= Task goal =
Here is a listing. Reproduce it exactly.

= Records =
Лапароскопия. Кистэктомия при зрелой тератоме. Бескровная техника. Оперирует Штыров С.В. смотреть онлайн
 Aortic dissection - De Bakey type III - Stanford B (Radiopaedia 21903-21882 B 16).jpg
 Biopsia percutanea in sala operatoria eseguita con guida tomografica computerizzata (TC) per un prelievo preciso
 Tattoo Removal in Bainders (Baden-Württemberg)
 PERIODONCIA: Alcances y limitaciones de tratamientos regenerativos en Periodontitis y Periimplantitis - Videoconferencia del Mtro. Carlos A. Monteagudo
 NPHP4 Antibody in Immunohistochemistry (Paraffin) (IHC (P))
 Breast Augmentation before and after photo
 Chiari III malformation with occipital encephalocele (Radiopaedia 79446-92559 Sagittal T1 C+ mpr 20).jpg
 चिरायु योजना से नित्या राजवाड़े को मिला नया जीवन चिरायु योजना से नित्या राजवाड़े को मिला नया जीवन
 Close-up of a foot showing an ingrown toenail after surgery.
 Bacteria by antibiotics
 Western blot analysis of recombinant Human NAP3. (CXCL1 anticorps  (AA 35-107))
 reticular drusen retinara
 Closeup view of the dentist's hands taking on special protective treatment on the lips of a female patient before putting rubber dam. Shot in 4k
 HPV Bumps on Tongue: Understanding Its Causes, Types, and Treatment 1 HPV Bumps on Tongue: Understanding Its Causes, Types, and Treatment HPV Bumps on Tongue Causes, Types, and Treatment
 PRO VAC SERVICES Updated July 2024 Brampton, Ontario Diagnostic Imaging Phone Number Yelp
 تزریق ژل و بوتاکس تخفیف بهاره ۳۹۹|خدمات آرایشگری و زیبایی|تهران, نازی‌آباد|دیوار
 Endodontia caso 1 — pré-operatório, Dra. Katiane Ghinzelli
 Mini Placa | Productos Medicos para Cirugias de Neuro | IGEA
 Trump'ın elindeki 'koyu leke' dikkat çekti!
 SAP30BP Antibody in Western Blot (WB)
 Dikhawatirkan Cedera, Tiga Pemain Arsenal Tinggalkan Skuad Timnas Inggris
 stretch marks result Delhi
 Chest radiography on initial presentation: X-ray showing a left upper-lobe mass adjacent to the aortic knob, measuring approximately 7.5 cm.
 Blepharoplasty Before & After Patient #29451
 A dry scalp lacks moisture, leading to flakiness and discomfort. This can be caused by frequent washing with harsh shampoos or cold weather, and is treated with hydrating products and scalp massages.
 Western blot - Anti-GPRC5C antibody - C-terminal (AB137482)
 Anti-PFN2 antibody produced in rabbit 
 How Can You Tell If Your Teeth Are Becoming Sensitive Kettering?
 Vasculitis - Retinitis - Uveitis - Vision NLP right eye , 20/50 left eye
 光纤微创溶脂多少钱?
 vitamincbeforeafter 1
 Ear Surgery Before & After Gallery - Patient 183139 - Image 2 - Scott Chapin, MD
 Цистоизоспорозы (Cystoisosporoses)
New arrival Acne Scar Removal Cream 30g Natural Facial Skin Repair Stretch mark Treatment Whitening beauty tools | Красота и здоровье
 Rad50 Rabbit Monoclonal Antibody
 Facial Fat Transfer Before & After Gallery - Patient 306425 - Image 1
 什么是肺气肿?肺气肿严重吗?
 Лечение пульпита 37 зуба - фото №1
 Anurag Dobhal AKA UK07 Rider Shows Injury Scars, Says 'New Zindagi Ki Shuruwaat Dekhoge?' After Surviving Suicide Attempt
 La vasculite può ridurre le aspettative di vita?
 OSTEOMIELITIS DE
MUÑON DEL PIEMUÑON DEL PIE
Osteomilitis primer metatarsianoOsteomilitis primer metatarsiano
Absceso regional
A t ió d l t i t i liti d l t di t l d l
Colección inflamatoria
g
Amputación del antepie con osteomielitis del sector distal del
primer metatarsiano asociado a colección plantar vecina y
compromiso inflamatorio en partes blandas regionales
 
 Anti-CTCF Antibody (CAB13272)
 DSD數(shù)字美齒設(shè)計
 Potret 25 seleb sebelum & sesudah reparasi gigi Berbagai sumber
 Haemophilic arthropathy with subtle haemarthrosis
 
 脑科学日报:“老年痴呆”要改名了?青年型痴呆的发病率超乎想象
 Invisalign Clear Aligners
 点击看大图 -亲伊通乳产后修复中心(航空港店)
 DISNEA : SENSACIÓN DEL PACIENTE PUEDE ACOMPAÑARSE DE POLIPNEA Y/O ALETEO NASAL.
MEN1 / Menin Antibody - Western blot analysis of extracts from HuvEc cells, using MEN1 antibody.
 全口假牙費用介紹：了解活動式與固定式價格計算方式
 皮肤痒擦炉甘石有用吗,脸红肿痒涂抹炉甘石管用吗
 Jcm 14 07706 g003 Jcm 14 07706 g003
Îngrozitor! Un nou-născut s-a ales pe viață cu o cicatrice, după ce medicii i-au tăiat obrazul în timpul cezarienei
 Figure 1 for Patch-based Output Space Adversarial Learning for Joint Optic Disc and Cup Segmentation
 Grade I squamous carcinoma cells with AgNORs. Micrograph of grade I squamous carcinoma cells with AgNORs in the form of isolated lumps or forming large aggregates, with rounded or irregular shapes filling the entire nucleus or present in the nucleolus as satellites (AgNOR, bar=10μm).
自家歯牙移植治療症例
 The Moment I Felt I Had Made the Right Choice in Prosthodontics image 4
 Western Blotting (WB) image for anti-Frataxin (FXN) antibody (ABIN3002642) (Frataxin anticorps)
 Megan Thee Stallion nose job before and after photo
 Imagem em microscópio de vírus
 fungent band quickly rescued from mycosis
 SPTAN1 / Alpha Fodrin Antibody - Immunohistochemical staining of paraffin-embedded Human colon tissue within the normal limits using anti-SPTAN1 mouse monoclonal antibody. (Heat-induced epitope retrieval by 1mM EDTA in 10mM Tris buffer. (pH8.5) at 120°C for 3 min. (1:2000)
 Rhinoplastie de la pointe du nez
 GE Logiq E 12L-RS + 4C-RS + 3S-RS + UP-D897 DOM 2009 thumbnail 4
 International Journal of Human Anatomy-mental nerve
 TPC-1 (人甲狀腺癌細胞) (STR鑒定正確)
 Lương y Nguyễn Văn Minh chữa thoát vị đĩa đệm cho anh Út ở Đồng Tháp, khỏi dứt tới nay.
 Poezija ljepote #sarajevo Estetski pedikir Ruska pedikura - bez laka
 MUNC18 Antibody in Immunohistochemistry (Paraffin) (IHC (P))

= Output of the exercise =
Лапароскопия. Кистэктомия при зрелой тератоме. Бескровная техника. Оперирует Штыров С.В. смотреть онлайн
 Aortic dissection - De Bakey type III - Stanford B (Radiopaedia 21903-21882 B 16).jpg
 Biopsia percutanea in sala operatoria eseguita con guida tomografica computerizzata (TC) per un prelievo preciso
 Tattoo Removal in Bainders (Baden-Württemberg)
 PERIODONCIA: Alcances y limitaciones de tratamientos regenerativos en Periodontitis y Periimplantitis - Videoconferencia del Mtro. Carlos A. Monteagudo
 NPHP4 Antibody in Immunohistochemistry (Paraffin) (IHC (P))
 Breast Augmentation before and after photo
 Chiari III malformation with occipital encephalocele (Radiopaedia 79446-92559 Sagittal T1 C+ mpr 20).jpg
 चिरायु योजना से नित्या राजवाड़े को मिला नया जीवन चिरायु योजना से नित्या राजवाड़े को मिला नया जीवन
 Close-up of a foot showing an ingrown toenail after surgery.
 Bacteria by antibiotics
 Western blot analysis of recombinant Human NAP3. (CXCL1 anticorps  (AA 35-107))
 reticular drusen retinara
 Closeup view of the dentist's hands taking on special protective treatment on the lips of a female patient before putting rubber dam. Shot in 4k
 HPV Bumps on Tongue: Understanding Its Causes, Types, and Treatment 1 HPV Bumps on Tongue: Understanding Its Causes, Types, and Treatment HPV Bumps on Tongue Causes, Types, and Treatment
 PRO VAC SERVICES Updated July 2024 Brampton, Ontario Diagnostic Imaging Phone Number Yelp
 تزریق ژل و بوتاکس تخفیف بهاره ۳۹۹|خدمات آرایشگری و زیبایی|تهران, نازی‌آباد|دیوار
 Endodontia caso 1 — pré-operatório, Dra. Katiane Ghinzelli
 Mini Placa | Productos Medicos para Cirugias de Neuro | IGEA
 Trump'ın elindeki 'koyu leke' dikkat çekti!
 SAP30BP Antibody in Western Blot (WB)
 Dikhawatirkan Cedera, Tiga Pemain Arsenal Tinggalkan Skuad Timnas Inggris
 stretch marks result Delhi
 Chest radiography on initial presentation: X-ray showing a left upper-lobe mass adjacent to the aortic knob, measuring approximately 7.5 cm.
 Blepharoplasty Before & After Patient #29451
 A dry scalp lacks moisture, leading to flakiness and discomfort. This can be caused by frequent washing with harsh shampoos or cold weather, and is treated with hydrating products and scalp massages.
 Western blot - Anti-GPRC5C antibody - C-terminal (AB137482)
 Anti-PFN2 antibody produced in rabbit 
 How Can You Tell If Your Teeth Are Becoming Sensitive Kettering?
 Vasculitis - Retinitis - Uveitis - Vision NLP right eye , 20/50 left eye
 光纤微创溶脂多少钱?
 vitamincbeforeafter 1
 Ear Surgery Before & After Gallery - Patient 183139 - Image 2 - Scott Chapin, MD
 Цистоизоспорозы (Cystoisosporoses)
New arrival Acne Scar Removal Cream 30g Natural Facial Skin Repair Stretch mark Treatment Whitening beauty tools | Красота и здоровье
 Rad50 Rabbit Monoclonal Antibody
 Facial Fat Transfer Before & After Gallery - Patient 306425 - Image 1
 什么是肺气肿?肺气肿严重吗?
 Лечение пульпита 37 зуба - фото №1
 Anurag Dobhal AKA UK07 Rider Shows Injury Scars, Says 'New Zindagi Ki Shuruwaat Dekhoge?' After Surviving Suicide Attempt
 La vasculite può ridurre le aspettative di vita?
 OSTEOMIELITIS DE
MUÑON DEL PIEMUÑON DEL PIE
Osteomilitis primer metatarsianoOsteomilitis primer metatarsiano
Absceso regional
A t ió d l t i t i liti d l t di t l d l
Colección inflamatoria
g
Amputación del antepie con osteomielitis del sector distal del
primer metatarsiano asociado a colección plantar vecina y
compromiso inflamatorio en partes blandas regionales
 
 Anti-CTCF Antibody (CAB13272)
 DSD數(shù)字美齒設(shè)計
 Potret 25 seleb sebelum & sesudah reparasi gigi Berbagai sumber
 Haemophilic arthropathy with subtle haemarthrosis
 
 脑科学日报:“老年痴呆”要改名了?青年型痴呆的发病率超乎想象
 Invisalign Clear Aligners
 点击看大图 -亲伊通乳产后修复中心(航空港店)
 DISNEA : SENSACIÓN DEL PACIENTE PUEDE ACOMPAÑARSE DE POLIPNEA Y/O ALETEO NASAL.
MEN1 / Menin Antibody - Western blot analysis of extracts from HuvEc cells, using MEN1 antibody.
 全口假牙費用介紹：了解活動式與固定式價格計算方式
 皮肤痒擦炉甘石有用吗,脸红肿痒涂抹炉甘石管用吗
 Jcm 14 07706 g003 Jcm 14 07706 g003
Îngrozitor! Un nou-născut s-a ales pe viață cu o cicatrice, după ce medicii i-au tăiat obrazul în timpul cezarienei
 Figure 1 for Patch-based Output Space Adversarial Learning for Joint Optic Disc and Cup Segmentation
 Grade I squamous carcinoma cells with AgNORs. Micrograph of grade I squamous carcinoma cells with AgNORs in the form of isolated lumps or forming large aggregates, with rounded or irregular shapes filling the entire nucleus or present in the nucleolus as satellites (AgNOR, bar=10μm).
自家歯牙移植治療症例
 The Moment I Felt I Had Made the Right Choice in Prosthodontics image 4
 Western Blotting (WB) image for anti-Frataxin (FXN) antibody (ABIN3002642) (Frataxin anticorps)
 Megan Thee Stallion nose job before and after photo
 Imagem em microscópio de vírus
 fungent band quickly rescued from mycosis
 SPTAN1 / Alpha Fodrin Antibody - Immunohistochemical staining of paraffin-embedded Human colon tissue within the normal limits using anti-SPTAN1 mouse monoclonal antibody. (Heat-induced epitope retrieval by 1mM EDTA in 10mM Tris buffer. (pH8.5) at 120°C for 3 min. (1:2000)
 Rhinoplastie de la pointe du nez
 GE Logiq E 12L-RS + 4C-RS + 3S-RS + UP-D897 DOM 2009 thumbnail 4
 International Journal of Human Anatomy-mental nerve
 TPC-1 (人甲狀腺癌細胞) (STR鑒定正確)
 Lương y Nguyễn Văn Minh chữa thoát vị đĩa đệm cho anh Út ở Đồng Tháp, khỏi dứt tới nay.
 Poezija ljepote #sarajevo Estetski pedikir Ruska pedikura - bez laka
 MUNC18 Antibody in Immunohistochemistry (Paraffin) (IHC (P))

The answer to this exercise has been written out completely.